IBM introduces a new mainframe computer targeted to some markets better served by clusters of smaller servers
IBM debuted its z Systems line of mainframe computers in January, 2015. The product line is targeted to a hot segment of enterprise computing consumers, organizations with a burning need to manage mobile devices, users availing of cloud computing offers and, above all, secure online data processing.
Readers can learn more about this product line on its website, IBM z Systems. A quick glance at the marketing communications content reveals some popular and absolutely current computing themes:
- mobile computing
- enterprise social computing
- real-time analytics and “in-transaction” analytics
- secure, cloud computing
Video product presentations are available on the product website, along with a traditional datasheet in PDF format. A quick glance at the datasheet exposes a cluster approach to delivering the computing power of a typical high performance computing (HPC) system. No problem so far, but how does the introduction of a hardware computing platform with these capabilities align alongside IBM’s announced effort to become a major player in the public and private cloud market for IaaS, PaaS and SaaS? Does it make sense for developers building solutions for Hadoop, Map Reduce, and other cluster architectures optimized for lots of comparatively much smaller CPUs to focus on porting these applications over to IBM’s platform?

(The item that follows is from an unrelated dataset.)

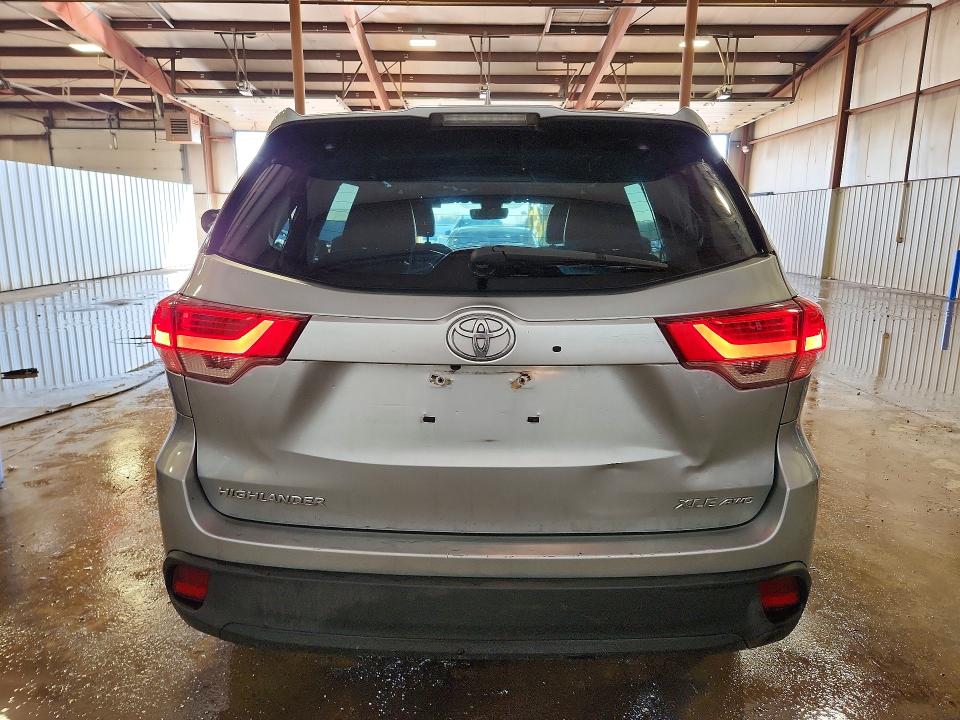 2017 Toyota Highlander VIN 5TDJZRFHXHS441932 COPART salvage auction — FRONT END, Salvage Title, sold $7,600 on 2026-07-31 (photo 6)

So one needs to question just how this product line adds value to IBM’s effort to catch up with its peers in the cloud computing business with systems like these. Certainly a review of the website for these new products is recommended given the themes articulated by the press releases about the z System computers. The most prominent of these are all allusions to mainframe computing, which, in 2014, seems to be something of anathema. Big iron is, unfortunately, no longer the recommended way for most enterprise businesses to proceed, at least not for the ones already committed to Azure, AWS and Google Compute Engine.